“Es mejor forzada a inexistente”, “No es forzada puesto que siempre han existido las minorías, sólo que no estaban representadas”, estos son algunos de los argumentos de quienes defienden la inclusión y una mayor representación de la diversidad en las producciones de ficción. Sin embargo, ¿qué problema esconde para la libertad creativa? ¿Es realmente sincero este cambio de paradigma? ¿Es válido en estos casos hacer oídos sordos a lo que evidentemente también pertenece a una agenda política?
El problema viene de mucho antes de que aparecieran actrices distintas al fenotipo esperado en papeles protagónicos de historias clásicas (sí, es obvio que hablamos de Disney y sus, últimamente muy polémicos, live action). Incluso antes de aquellos polémicos requisitos mínimos de inclusión y de diversidad racial que impuso la Academia en su momento en los Oscar.
Desde mi punto de vista, siempre priorizaré la calidad artística, aunque entiendo perfectamente la causa que otros defienden. Y, por eso, mi punto no se trata de qué tan problemática o necesaria pueda ser realmente esta representación inclusiva de la diversidad o de la justicia poética que representa esta inclusión supuestamente forzada como una respuesta a la falta de representación histórica en los productos culturales. Lo que me hace ruido en realidad es si es real esta inclusión, si es suficiente, si es significativa o si por el contrario únicamente atenta contra la expresión y la libertad creativa, como algunos apuntan.
Partamos de lo evidente, la inclusión ejercida por las corporaciones no es mucho más que una estrategia de mercado, con un mundo que ha cambiado y que afortunadamente cuenta con nuevas generaciones que se interesan y luchan por las causas sociales, que creen en la diversidad, que ven de forma negativa esta subrepresentación de diversas minorías. ¿Pero estos cambios son realmente una herramienta efectiva para abordar la desigualdad y promover una sociedad más justa?
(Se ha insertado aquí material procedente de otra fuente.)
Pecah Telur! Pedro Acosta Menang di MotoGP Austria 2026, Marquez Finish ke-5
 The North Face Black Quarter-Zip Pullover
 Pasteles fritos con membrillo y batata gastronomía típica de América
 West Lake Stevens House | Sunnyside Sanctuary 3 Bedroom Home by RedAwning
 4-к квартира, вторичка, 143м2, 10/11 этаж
Algunos creadores coinciden en que este nuevo abordaje da lugar a personajes y tramas poco realistas, ¿sería entonces el tipo de inclusión que se está buscando?, ¿sería la representación correcta para, por ejemplo, niños y jóvenes a los que queremos educar con una mayor conciencia hacia la diversidad?
Tiene todo el sentido la inclusión de personajes de todas las características en un retrato ficcional moderno, ya que obedece a una representación fiel. No ocurre lo mismo con casos como la serie documental de Netflix sobre Cleopatra, que sugiere que Cleopatra VII tenía raíces africanas, mientras que en el resto de las representaciones su apariencia guardaba sentido con su origen griego, al ser hija de Ptolomeo XII, de ascendencia macedonia.
¿Hasta qué punto tienen sentido este tipo de modificaciones? ¿Cuándo son necesarias?, ¿cuándo representan un problema?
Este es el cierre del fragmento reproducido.